Six weeks into a woman’s pregnancy is the point at which doctors typically can detect the flicker of a fetal heartbeat on an ultrasound. It’s also the point after which Iowa lawmakers now intend to outlaw abortions.
The Iowa Legislature approved what would be the nation’s strictest abortion law in an early-morning vote on Wednesday. The move intended to pose an aggressive challenge to Roe v. Wade and reignite conservative energy before the midterm elections in November.
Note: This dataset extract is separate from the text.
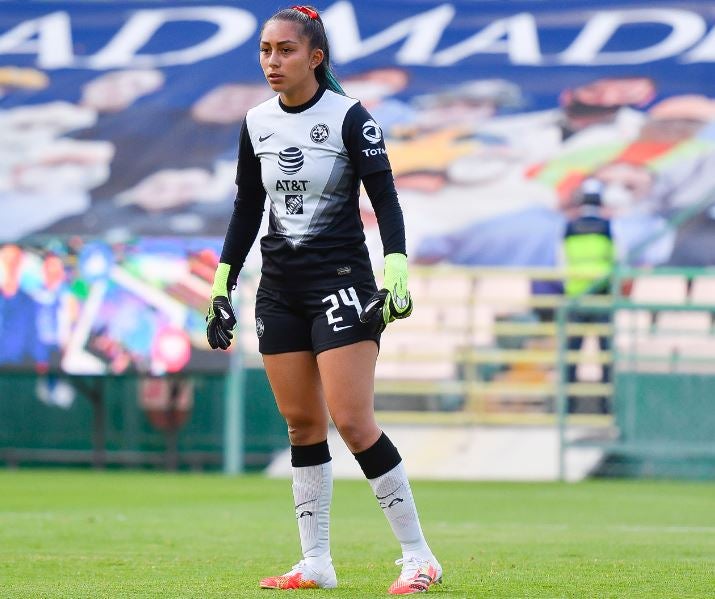 Jaidy Gutiérrez, en acción con las Águilas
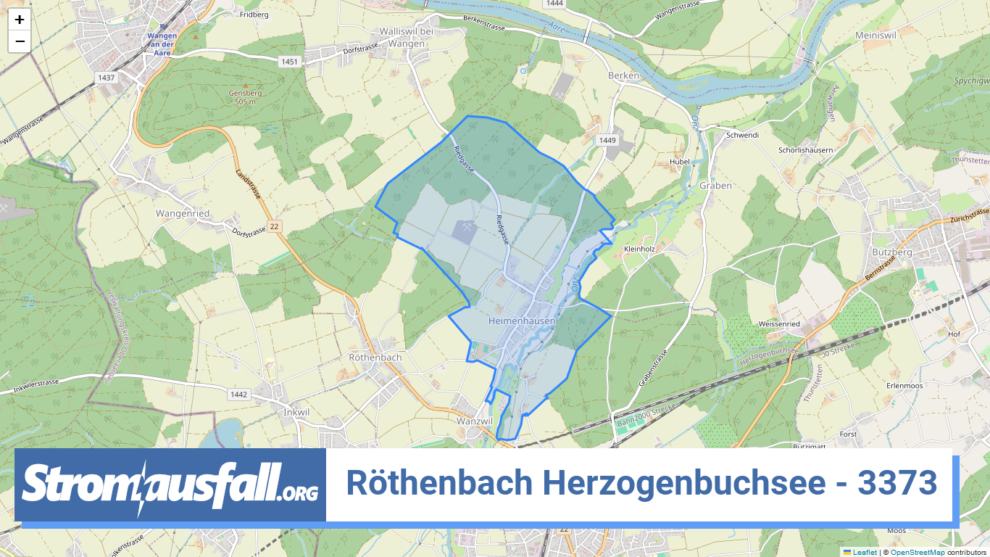 stromausfall ch ortschaft roethenbach herzogenbuchsee 3373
Other states, including North Dakota and Arkansas, have passed similarly prohibitive measures restricting abortion and have seen them swiftly voided by the courts as unconstitutional. Supreme Court decisions have given women a right to abortion until a fetus is viable outside the womb, usually around 24 weeks into pregnancy, and some states have enacted bans of abortions after 20 weeks. Both proponents and critics of the Iowa bill said they are girding for another legal battle.
But the Republicans pressing the Iowa legislation are making a decisive turn away from the smaller, more incremental measures of the past that have, in their view, merely chipped away at abortion rights. They have a new, longer-term goal in their sights: reaching a Supreme Court that could shift in composition with a Republican president in the White House, potentially giving the anti-abortion movement a court more sympathetic to its goal of overturning Roe v. Wade than the current court is.
“We at the state legislatures, especially Republican-controlled legislatures, have a responsibility to kind of reload,” said State Senator Rick Bertrand, a Republican from Sioux City. “We need to create vehicles that will allow the Supreme Court possibly to reach back and take this case, and to take up an anti-abortion case.”
Gov. Kim Reynolds of Iowa, a Republican, has not yet said whether she would sign the bill, though she reiterated through a spokeswoman that she is “100 percent pro-life and will never stop fighting for the unborn.”
A decision from the governor on whether to sign the bill is expected within days.
The legislation does not specify a point in a woman’s pregnancy when abortion is no longer allowed, but would ban abortions if a fetal heartbeat is detected. Experts say such detection is possible at around six weeks of pregnancy.